Usual scenarios that happens are:
- We do not receive all data from the source and the source does not send only the missing data. For instance we may get a full day of financial transactions every night.
- There is an error in the data at some point in the chain so we have to reload data historically.
Manually we can definitely handle these two cases, it is easy to clean the wrong data and run the pipeline with the correct data. But of course we do not want to handle anything manually.
First off we have to separate the data platform into two layers, Ingestion and detail/dimensional model/Use case layer (here labeled the Data layer).
In Ingestion we want to keep the data that we have received, even if it means having duplicates of data. This is because getting data into the data platform should be robust and we should never doubt if we have the data in the platform.
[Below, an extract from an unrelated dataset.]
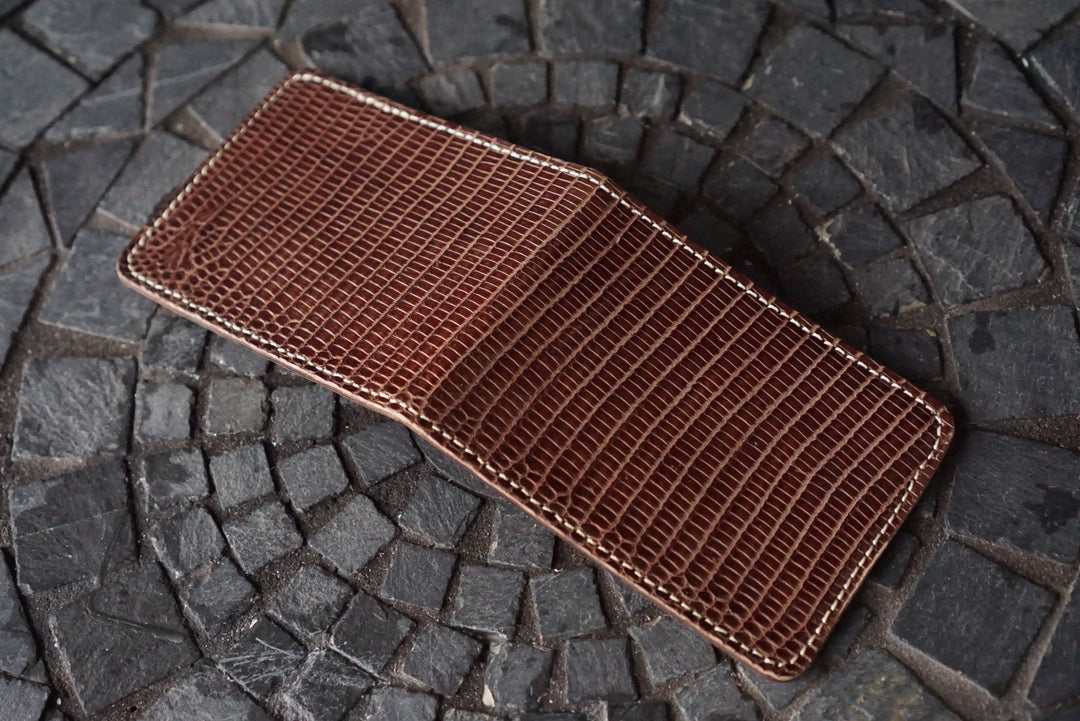 Stronghold - Brown Ring Lizard and Natural Lo Stivale Calfskin Bifold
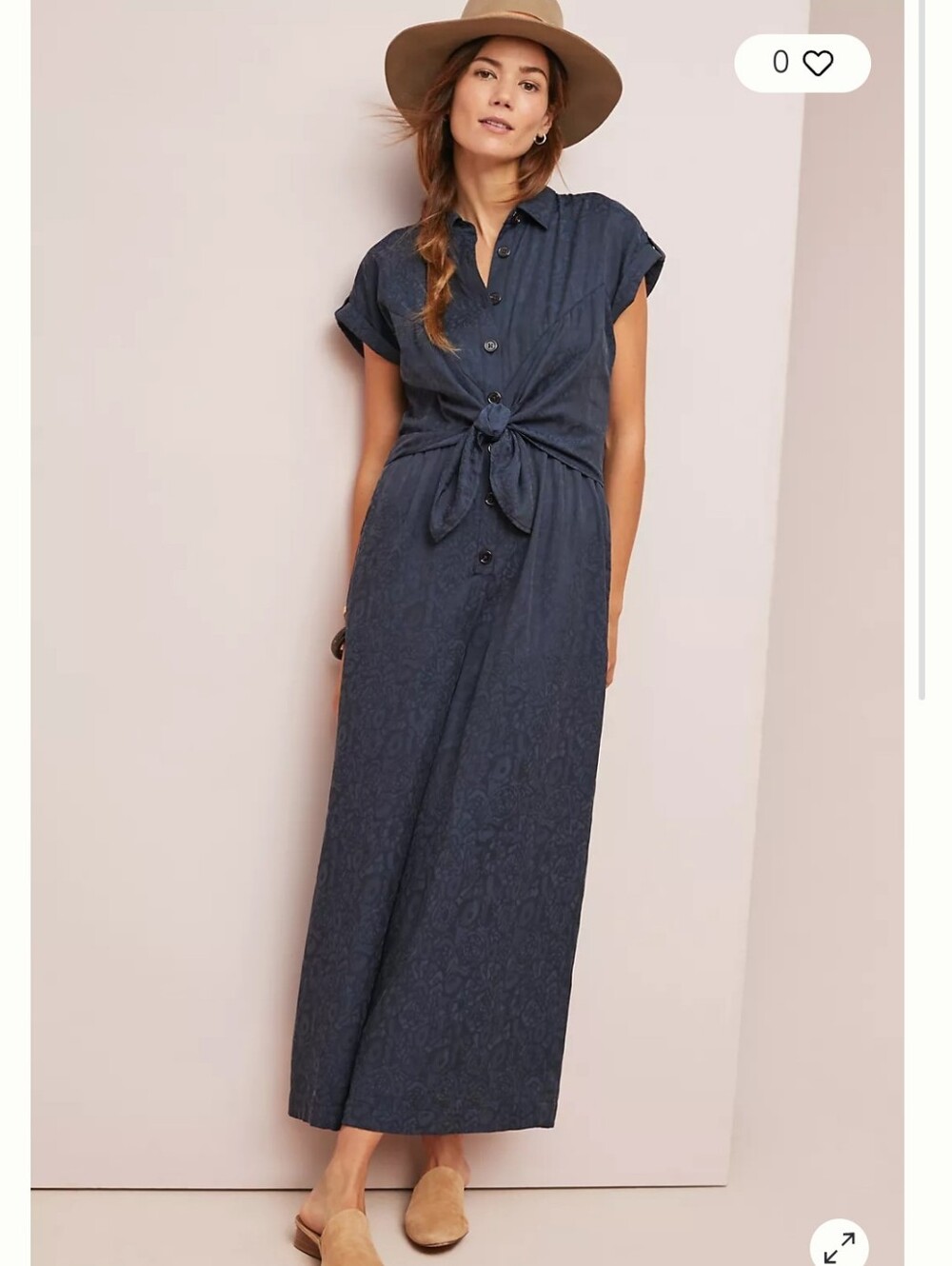 Anthropologie Ett:twa James Tie-Waist Navy Printed Wide-Leg Jumpsuit Size 8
In Data layer we want to store the data in a proper data model. This data needs to comply to our set data quality rules. This is the layer where we need to make sure that we have the correct data and only the correct data.
So, for the strategy then:
- Always run your data pipelines based on a designated business date and key. With that business key you can identify unique transactions or chunks of transactions. Say that the 5th of may is the date of the events you have to rerun, if you are handling it with the business_date (5th) then you can delete the 5th from the Data layer and reinsert the correct data. However if you are driving the pipeline based on ingestion_date then you are dependent on everything running correctly on the designated day.
- Generally use delete-insert based on the natural key. This way you handle both getting any missing data in, you also handle any potential wrong rows that are already existing. Doing a proper merge will require you to both check for existing rows but also check the values in each row and that is a costly procedure.
- If you have rerun the Data layer, remember to rerun all aggregations as well so you end up with a consistent state. Luckily a lot of tools exist that handle this for you.
To summarize:
- Expect to get wrong/duplicate data at some point
- Use natural_key to identify the chunks of data to be corrected
- Delete-insert whenever possible
Happy deleting